> _Your assignment_
Output, word for word, the lines of this listing that fall between the line with "This rating process" and the line with "As that alternative", counting both of those lines, and no others.

> _Records_
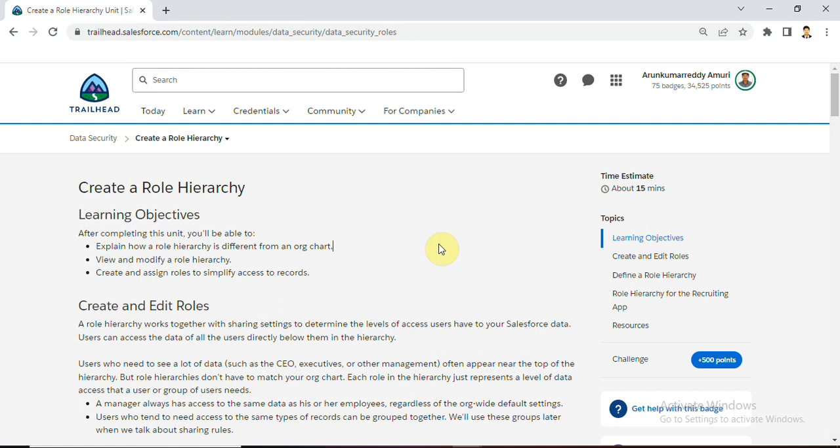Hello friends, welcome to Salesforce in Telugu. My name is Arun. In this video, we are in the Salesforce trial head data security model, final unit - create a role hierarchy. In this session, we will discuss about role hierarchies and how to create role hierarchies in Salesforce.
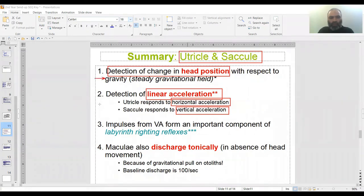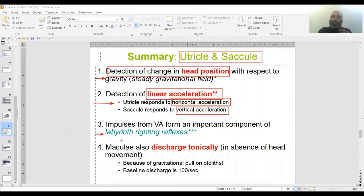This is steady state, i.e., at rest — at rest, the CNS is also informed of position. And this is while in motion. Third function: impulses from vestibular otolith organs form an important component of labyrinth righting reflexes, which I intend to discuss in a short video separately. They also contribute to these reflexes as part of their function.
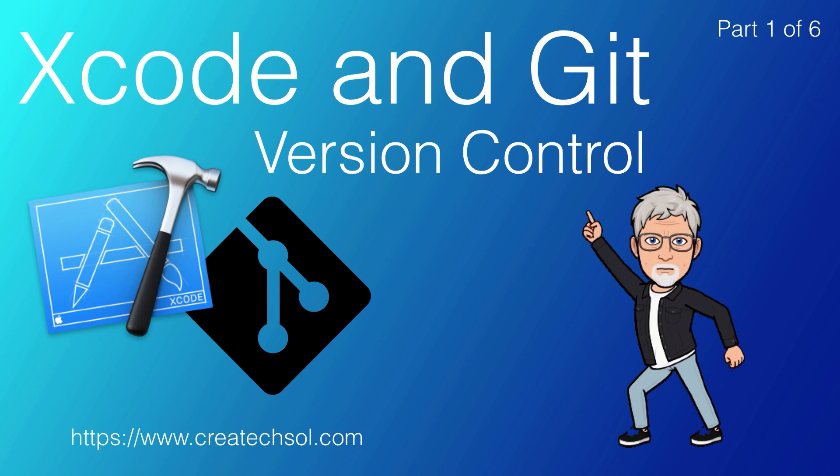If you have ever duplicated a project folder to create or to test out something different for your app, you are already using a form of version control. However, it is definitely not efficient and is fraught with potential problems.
---
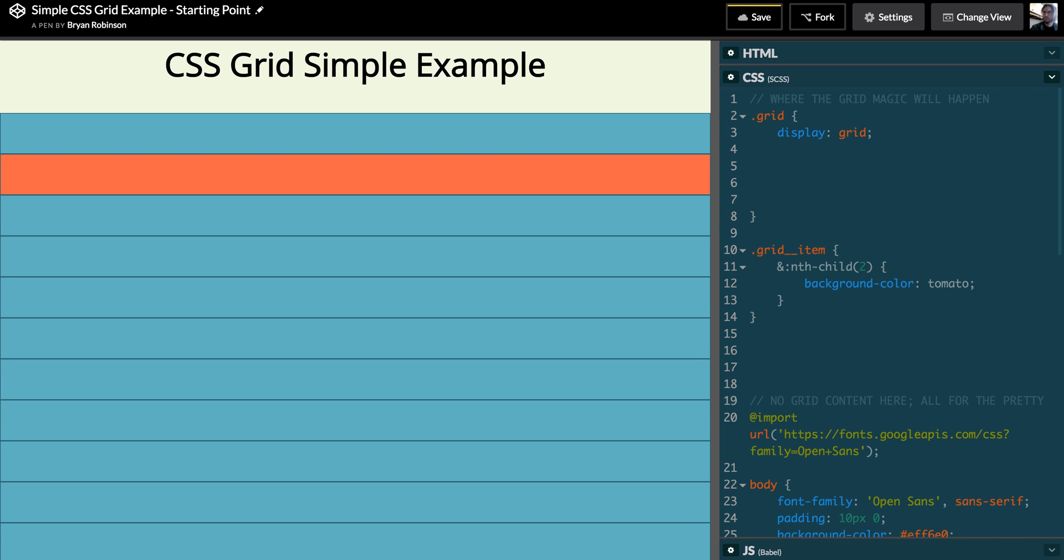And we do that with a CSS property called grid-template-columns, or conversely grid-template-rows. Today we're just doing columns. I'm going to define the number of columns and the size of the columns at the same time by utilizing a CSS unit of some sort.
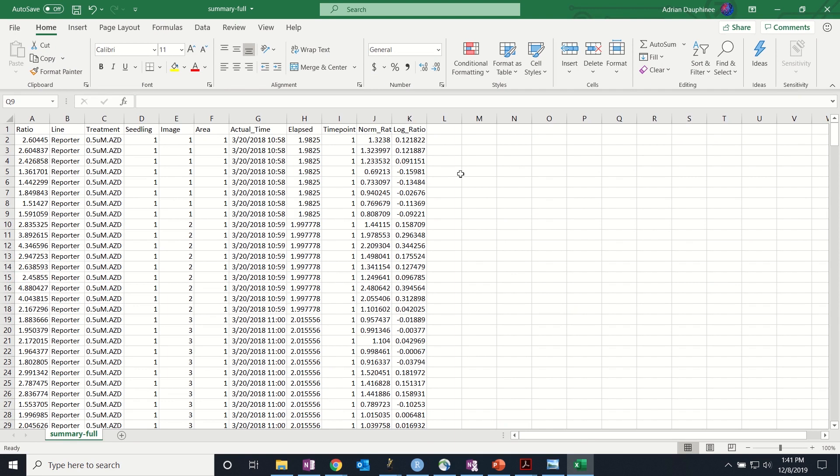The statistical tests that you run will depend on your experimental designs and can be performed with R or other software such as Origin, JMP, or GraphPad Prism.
...
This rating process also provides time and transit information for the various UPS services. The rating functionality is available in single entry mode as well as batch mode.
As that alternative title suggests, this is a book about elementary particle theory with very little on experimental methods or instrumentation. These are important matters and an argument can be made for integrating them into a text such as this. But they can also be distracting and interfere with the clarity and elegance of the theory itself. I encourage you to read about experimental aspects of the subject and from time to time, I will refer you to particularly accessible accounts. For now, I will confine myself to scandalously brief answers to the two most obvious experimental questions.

> _Response_
This rating process also provides time and transit information for the various UPS services. The rating functionality is available in single entry mode as well as batch mode.
As that alternative title suggests, this is a book about elementary particle theory with very little on experimental methods or instrumentation. These are important matters and an argument can be made for integrating them into a text such as this. But they can also be distracting and interfere with the clarity and elegance of the theory itself. I encourage you to read about experimental aspects of the subject and from time to time, I will refer you to particularly accessible accounts. For now, I will confine myself to scandalously brief answers to the two most obvious experimental questions.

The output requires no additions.